Tabula rasa

Long after the “atomic" balloons popped or slowly deflated, red, yellow, blue, and every hue between colored the Renaissance Society gallery from floor to 30-foot ceiling. A team of workers arrived June 21 to remove the paint used in Katharina Grosse’s spring installation Atoms Inside Balloons, which closed June 10, and to erase the many signs of age that had developed since the gallery's last renovation in 1979.
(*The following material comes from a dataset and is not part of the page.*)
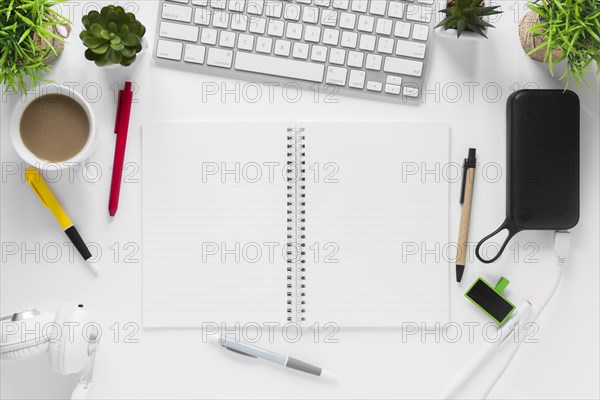 Tea cup plant pots spiral notepad tea cup pens white desk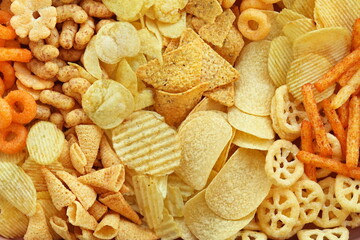 Colorful mix of salty snacks for beer varieties: chips and pretzels, onion rings and crackers. Non-healthy junk food background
Grosse's graffiti-inspired work "covers an entire space like a fresco,” said Renaissance Society marketing director Mia Ruyter. Her installations are also site–specific, incorporating elements of a gallery’s space into her works: in this case, extra paint dripped about the northwest ceiling to emphasize acute water damage. The spring installation gave the Rennaisance Society, located on Cobb Hall's top floor, time to clean over the summer. Erasing the evidence of 28 years of aging and four days of a spray-gun–wielding artist is no easy task. The wall and ceiling paint must be scraped by hand, requiring scaffolding. The entire gallery will then be repainted. Two layers of wax kept the paint from damaging the floor; workers will remove the wax and any remaining paint before repolishing.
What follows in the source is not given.